Every collection of disjoint non-empty open subsets of $\mathbb{R}$ is countable?
This is my first question on the forum. I'm wondering if the following proof is valid.
Proof: Let $\{A_\lambda\}_{\lambda \in L}$ be an arbitrary collection of disjoint non-empty open subsets of $\mathbb{R}$. Since every non-empty open subset of $\mathbb{R}$ can be written uniquely as a countable union of disjoint open intervals, we can take the union $A = \bigcup\limits_{\lambda \in L}A_\lambda$ and decompose it $A = \bigcup\limits_{n \in \mathbb{N}} I_n$ in disjoint open intervals which forms a countable collection. We can also decompose each $A_\lambda$ as $\bigcup\limits_{m \in \mathbb{N}}J_{\lambda,m}$. For $\lambda \neq \mu \in L$, $A_\lambda \cap A_\mu = \emptyset$ and this is a new representation of $A$:
$$A = \bigcup_{n \in \mathbb{N}} I_n = \bigcup_{\substack{\lambda \in L \\ m \in \mathbb{N}}} J_{\lambda,m}$$
No matter how complicated the union over $L$ is, the $J_{\lambda,m}$ are disjoint open intervals. Thus, by the uniqueness, the two collections are exactly the same. As the final argument, we produce an injection $\varphi:\{A_\lambda\} \mapsto \{J_{\lambda,m}\}$ picking for each $A_\lambda$ some $J_{\lambda,m}$.

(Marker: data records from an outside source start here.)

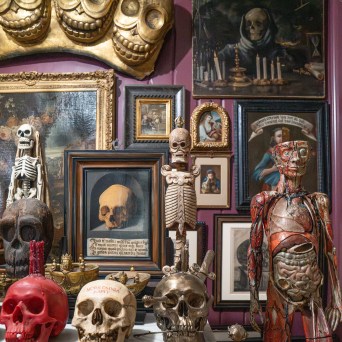 Room with skulls, skeletons, anatomical models, and framed art on walls.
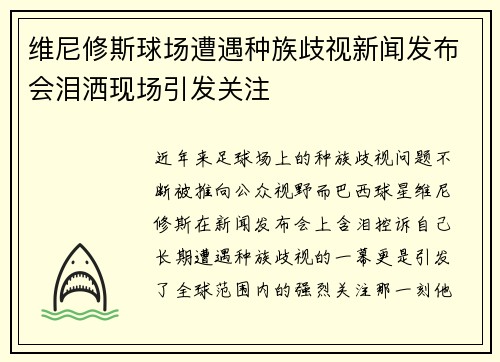 维尼修斯球场遭遇种族歧视新闻发布会泪洒现场引发关注
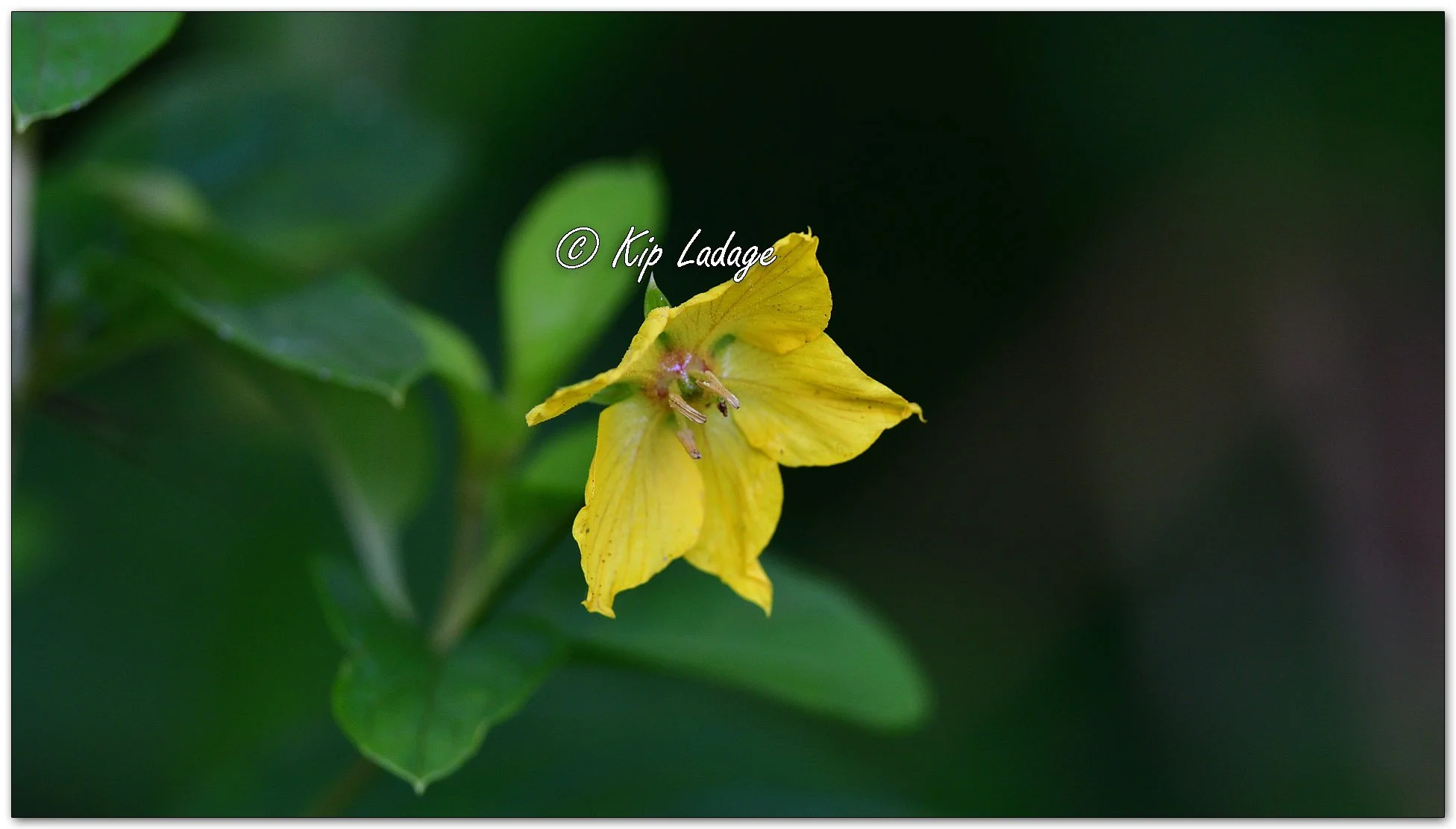 Fringed Loosestrife - Image 1125322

I can't see any fault, but the result seems incredibly strong to me.
P.S.: stack exchange has some bug related to \bigcup and \bigcap symbols?

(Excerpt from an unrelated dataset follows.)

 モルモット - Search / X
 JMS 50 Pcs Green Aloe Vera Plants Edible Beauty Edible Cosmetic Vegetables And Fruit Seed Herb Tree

To each of those open disjoint subsets you can associate one and only one rational number (just pick a rational number in the set). Thus you obtain an injection from your family of subsets into the set of rational numbers, which is countable. The conclusion follows that your family must indeed be countable.
It seems to me that:
"...every non-empty open subset of $\mathbb{R}$ can be written uniquely as a countable union of disjoint open intervals..."
is essentially what you are trying to prove (in fact, it's stronger than what you are trying to prove; it includes a uniqueness clause). So I would be very wary of using it.
In addition, any argument that argues by saying "No matter how complicated the union..." is likely to be at least a little bit informal.
The result you are trying to prove can be established without invoking that rather strong result.
Here's a hint: since the rational numbers are dense in $\mathbb{R}$, if $A$ is any open subset of $\mathbb{R}$, then $A\cap\mathbb{Q}\neq\emptyset$. Can you see why this observation yields the desired result?
Your argument seems valid to me, though I think that in assuming that every open subset of $\mathbb{R}$ has a unique representation as a countable disjoint union of open intervals, you're swatting a fly with a sledgehammer.
How about this? In a disjoint collection $\{U_i\}_{i \in I}$ of nonempty open subsets, choose a rational number $x_{i}$ in each $U_i$. then you get an injection $I \hookrightarrow \mathbb{Q}$, so $I$ is countable. (Really this argument works in any separable topological space, i.e., whenever you have a countable dense subset.)